In the listing below, find the line containing "Wallace Tartan Sweatshirt" and the line containing "Redigerbar resplanmall: CANVA". Repeat exactly those two lines and every line between them.

····················

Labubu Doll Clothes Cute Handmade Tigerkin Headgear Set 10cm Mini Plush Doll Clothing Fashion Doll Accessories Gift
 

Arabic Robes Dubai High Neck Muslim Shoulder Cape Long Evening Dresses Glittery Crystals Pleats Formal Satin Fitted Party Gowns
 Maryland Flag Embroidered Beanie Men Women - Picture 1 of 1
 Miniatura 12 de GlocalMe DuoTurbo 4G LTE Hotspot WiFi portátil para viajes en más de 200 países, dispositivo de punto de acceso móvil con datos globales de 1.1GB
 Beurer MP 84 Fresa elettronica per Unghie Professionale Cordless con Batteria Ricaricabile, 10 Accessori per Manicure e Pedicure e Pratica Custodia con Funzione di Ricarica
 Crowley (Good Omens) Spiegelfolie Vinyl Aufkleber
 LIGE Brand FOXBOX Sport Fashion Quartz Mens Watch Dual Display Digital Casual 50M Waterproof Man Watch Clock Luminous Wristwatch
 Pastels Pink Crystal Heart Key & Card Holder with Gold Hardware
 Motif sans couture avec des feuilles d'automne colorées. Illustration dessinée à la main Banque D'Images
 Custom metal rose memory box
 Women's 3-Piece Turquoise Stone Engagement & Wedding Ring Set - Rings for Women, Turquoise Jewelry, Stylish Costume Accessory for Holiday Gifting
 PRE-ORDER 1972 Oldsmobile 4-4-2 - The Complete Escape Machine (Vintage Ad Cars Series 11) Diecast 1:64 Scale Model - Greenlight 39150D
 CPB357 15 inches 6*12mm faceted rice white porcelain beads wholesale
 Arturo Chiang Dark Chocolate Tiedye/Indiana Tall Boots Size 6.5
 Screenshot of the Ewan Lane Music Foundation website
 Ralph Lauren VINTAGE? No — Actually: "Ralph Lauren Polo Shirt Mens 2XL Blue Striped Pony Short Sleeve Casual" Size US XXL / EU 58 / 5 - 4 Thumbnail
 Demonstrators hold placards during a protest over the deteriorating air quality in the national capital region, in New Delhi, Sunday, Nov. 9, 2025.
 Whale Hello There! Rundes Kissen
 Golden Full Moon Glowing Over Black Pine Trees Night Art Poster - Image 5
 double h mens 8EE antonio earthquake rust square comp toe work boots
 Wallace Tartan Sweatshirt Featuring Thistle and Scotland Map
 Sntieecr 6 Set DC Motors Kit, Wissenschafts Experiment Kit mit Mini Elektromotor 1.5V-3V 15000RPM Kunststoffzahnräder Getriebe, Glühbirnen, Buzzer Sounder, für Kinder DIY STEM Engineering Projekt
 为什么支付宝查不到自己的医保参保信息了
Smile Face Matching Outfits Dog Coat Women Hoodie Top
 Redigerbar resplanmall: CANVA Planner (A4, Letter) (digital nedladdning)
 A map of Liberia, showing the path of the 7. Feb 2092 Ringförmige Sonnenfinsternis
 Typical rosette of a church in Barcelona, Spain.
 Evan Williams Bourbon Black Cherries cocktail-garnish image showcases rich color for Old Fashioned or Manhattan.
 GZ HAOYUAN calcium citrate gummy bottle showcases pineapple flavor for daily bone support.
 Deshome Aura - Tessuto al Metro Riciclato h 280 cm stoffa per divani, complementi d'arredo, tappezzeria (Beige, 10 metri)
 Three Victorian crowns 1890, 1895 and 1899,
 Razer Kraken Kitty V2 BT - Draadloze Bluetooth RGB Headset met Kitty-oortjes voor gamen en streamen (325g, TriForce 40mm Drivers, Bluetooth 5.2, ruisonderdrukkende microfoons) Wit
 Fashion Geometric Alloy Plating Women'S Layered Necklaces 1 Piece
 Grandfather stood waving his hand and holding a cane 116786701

····················

RESPONSE TO THE EXERCISE
 Wallace Tartan Sweatshirt Featuring Thistle and Scotland Map
 Sntieecr 6 Set DC Motors Kit, Wissenschafts Experiment Kit mit Mini Elektromotor 1.5V-3V 15000RPM Kunststoffzahnräder Getriebe, Glühbirnen, Buzzer Sounder, für Kinder DIY STEM Engineering Projekt
 为什么支付宝查不到自己的医保参保信息了
Smile Face Matching Outfits Dog Coat Women Hoodie Top
 Redigerbar resplanmall: CANVA Planner (A4, Letter) (digital nedladdning)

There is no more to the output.